Return ‘half-baked’ report to JPC, Raja urges Speaker

Says JPC should resubmit it after including his written statement

November 06, 2013 06:45 pm | Updated November 16, 2021 07:39 pm IST - New Delhi

Former Telecom Minister A. Raja

Former Telecom Minister A. Raja

The former Communications Minister, A. Raja, has protested to Lok Sabha Speaker Meira Kumar the non-inclusion of his written statement in the final report submitted to her by the Joint Parliamentary Committee on the 2G spectrum allocation issue on October 29.

In his November 6 letter to Ms. Kumar, Mr. Raja said: “I would urge you to return the report to the [JPC] chairman and direct him to resubmit it after including my written statement.”

However, Chairman P.C. Chacko of the Congress said there were no precedents or parliamentary rules and procedures that allowed the Speaker to return the report and seek its re-submission. The report, approved by a majority of the JPC members, had been prepared meticulously, following all rules and procedures of Parliament. But if Mr. Raja or any other member had grievances about the report, he could very well give notice and seek discussion on it after it was tabled in Parliament. It was the decision of the majority not to call Mr. Raja for deposition or allow his written statement to be made part of the final report, Mr. Chacko told The Hindu on the phone.
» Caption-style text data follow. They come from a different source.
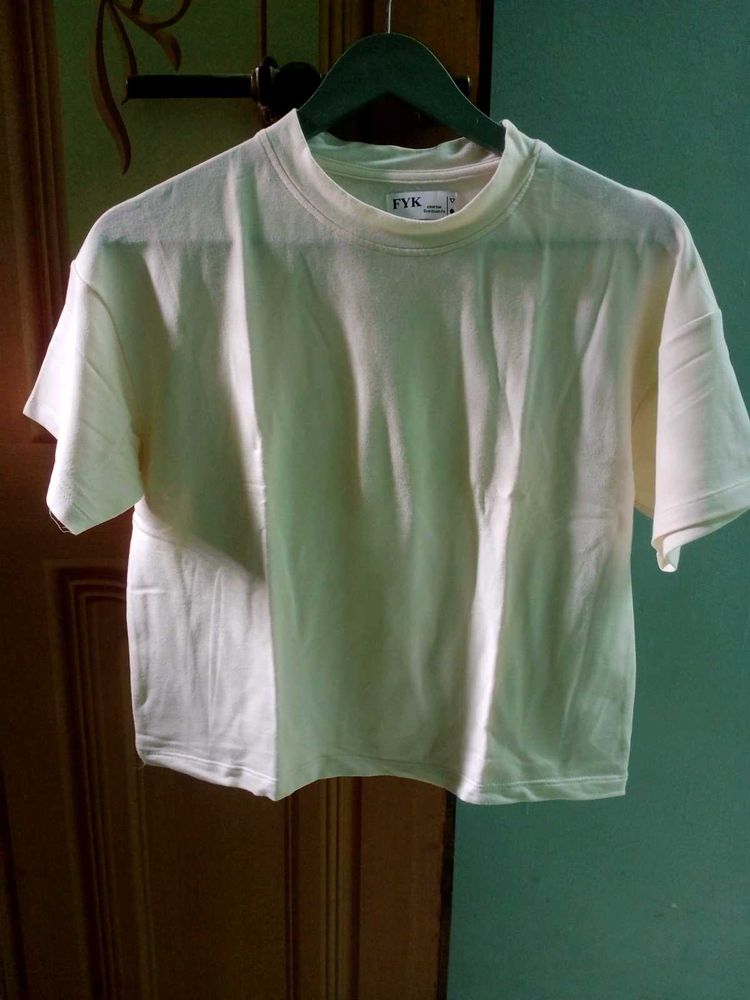Cream Cropped T-Shirt - Casual Style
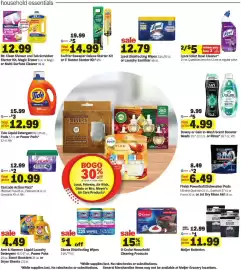 Meijer weekly ad week 38 Page 23: Lysol Toilet Bowl Cleaner €5,00, Finish Powerball Dishwasher Pods €6,49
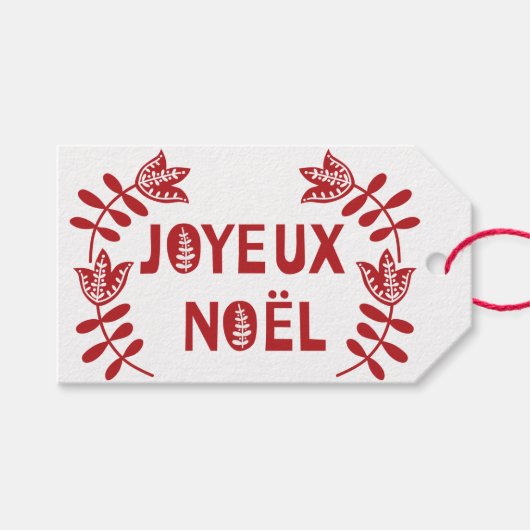 Joyeux Noel Cadeau Labels Cadeaulabel (Voorkant (Horizontaal))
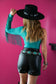Turquoise Fringed Bodysuit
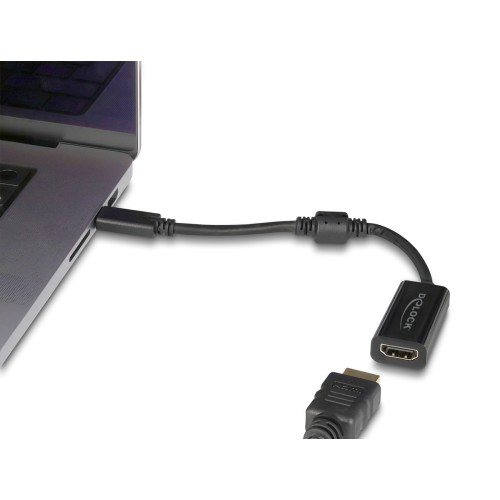DELOCK DELOCK αντάπτορας USB-C σε HDMI 61085, 8K/60Hz, μαύρος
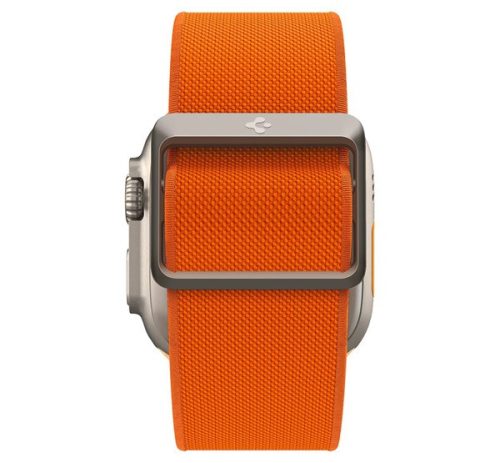 Spigen Lite Fit Ultra Apple Watch Ultra 3 / 2 / 1 49mm / 10 /  9 / 8 / 7 45mm / SE / 6 / 5 / 4 44mm / 3 / 2 / 1 42mm szövet szíj, narancs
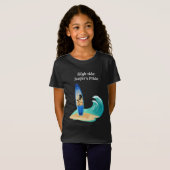 "High Tide: Surfer's Pride" アドベンチャー オーシャンビーチ Tシャツ (正面フル)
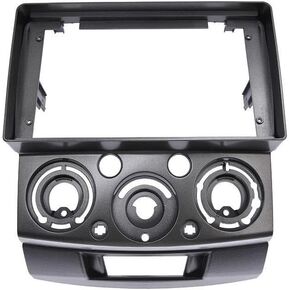 9 inch Car Radio Fascia Compatible with Ford Ranger 2006-2011, Everest 2006-2013 / Mazda BT-50 2006-2011 (Golden) Radio Stereo Dash Installation Mount Kit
But Mr. Raja, in his letter to Ms. Kumar, claimed that the report was a “half-baked and half-hearted effort that takes the matter no further and is indeed a disservice to Parliament.” He recalled that in his February 22, 2013, letter to the Speaker he had said that as Communications Minister when spectrum was allocated, he was best placed to explain the policy and the government’s rationale behind issuing Unified Access Services (UAS) licences and the grant of spectrum, as well as the sequence of events and roles of various individuals and institutions.

But “unfortunately, despite my several requests — and the requests of several members of the JPC — the Chairman refused to permit me to depose before the Committee. I thereafter submitted a detailed written statement, in which I specifically expressed that ‘I trust that it will be a part of the report to be given’. My trust could not have been breached in a worse manner. Indeed, the final report of the JPC does not even mention my written statement. Thus, the JPC that was to bring out the truth has chosen to hide behind falsehoods.”

The DMK MP accused Mr. Chacko of playing a “partisan and political role” and of ensuring “a report that was more political than parliamentarian in character.”

Mr. Raja claimed that his written statement was repeatedly referred to and relied upon in the Minute of Dissent (MoD) submitted by BJP MPs. Still Mr. Chacko chose to exclude his written statement. “I now understand that the Chairman… made his intentions clear when he refused to let me depose before the Committee.”

Mr. Raja added: “I believe it can be safely said that the credibility of the JPC has touched new depths when the Chairman chose to exclude my written statement from the report. It is nothing but an act of cowardice, intended solely to prevent the truth from being known.”

The CPI’s Gurudas Dasgupta supported Mr. Raja’s letter to the Speaker, stating that though the DMK MP was an accused in the spectrum scam, his opinions and views must have been part of the JPC report. The CPI MP told The Hindu that he too would write to Ms. Kumar about the “inadequacies” in the report.

Meanwhile, informed sources said, the second volume of the JPC report, consisting of annexures that included details of minutes of every meeting of the Committee, has been kept in the Parliament library for perusal by elected members.